My on-again, off-again infatuation with 1083.57, the elevation Lake Mead reached in March 1956, is back on. As Shaun McKinnon reports in this morning’s Arizona Republic, Mead’s at the lowest it’s been since then. The latest “24-month study” from the Bureau of Reclamation (pdf), out this week, is back to forecasting that we’ll drop below those 1956 levels this year, perhaps in October, meaning the Colorado River will be at it’s lowest since it was filled in the 1930s.
1083.57 is arbitrary, a nice bit of history that’s useful for storytelling purposes. But, as Shaun explained, there’s another marker just a bit lower, at 1075 feet above seal level, that is of real deal importance:
Drought-stricken Lake Mead has dropped an additional 10 feet since last summer, and now, Arizona and other Colorado River users are scrambling to keep the reservoir full enough to avoid water rationing.
Before year’s end, the lake will likely sink to within 9 feet of the level that would trigger the first round of restrictions – and the first such restrictions ever on the river. They begin with a reduction in water deliveries to Nevada and Arizona, where farmers would be affected first. (emphasis added)

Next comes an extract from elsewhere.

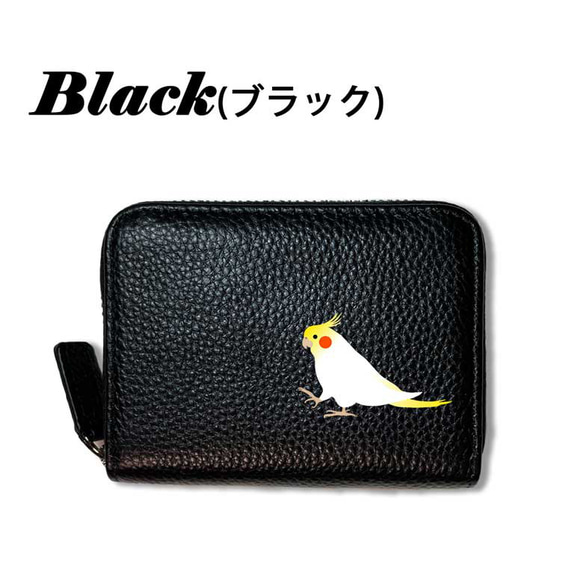 オカメインコ 本革 コンパクト財布 じゃばらカードケース ボックス型 フルオープン 小銭入れ 財布 シュリンクレザー 20枚目の画像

I still think it’s remarkable that we’ve just had the 11 driest consecutive years on the Colorado and no one has had their deliveries reduced. That suggests, as CAP’s David Modeer suggests in Shaun’s story, that the system is pretty robust.
Mead’s dropping numbers come as no surprise. Another dry year on the Colorado meant minimum releases from Lake Powell while users in the Lower Basin got their full allotments again this year. That means less water in Lake Mead. “We know that it’s being drained,” one of the region’s water managers told me recently.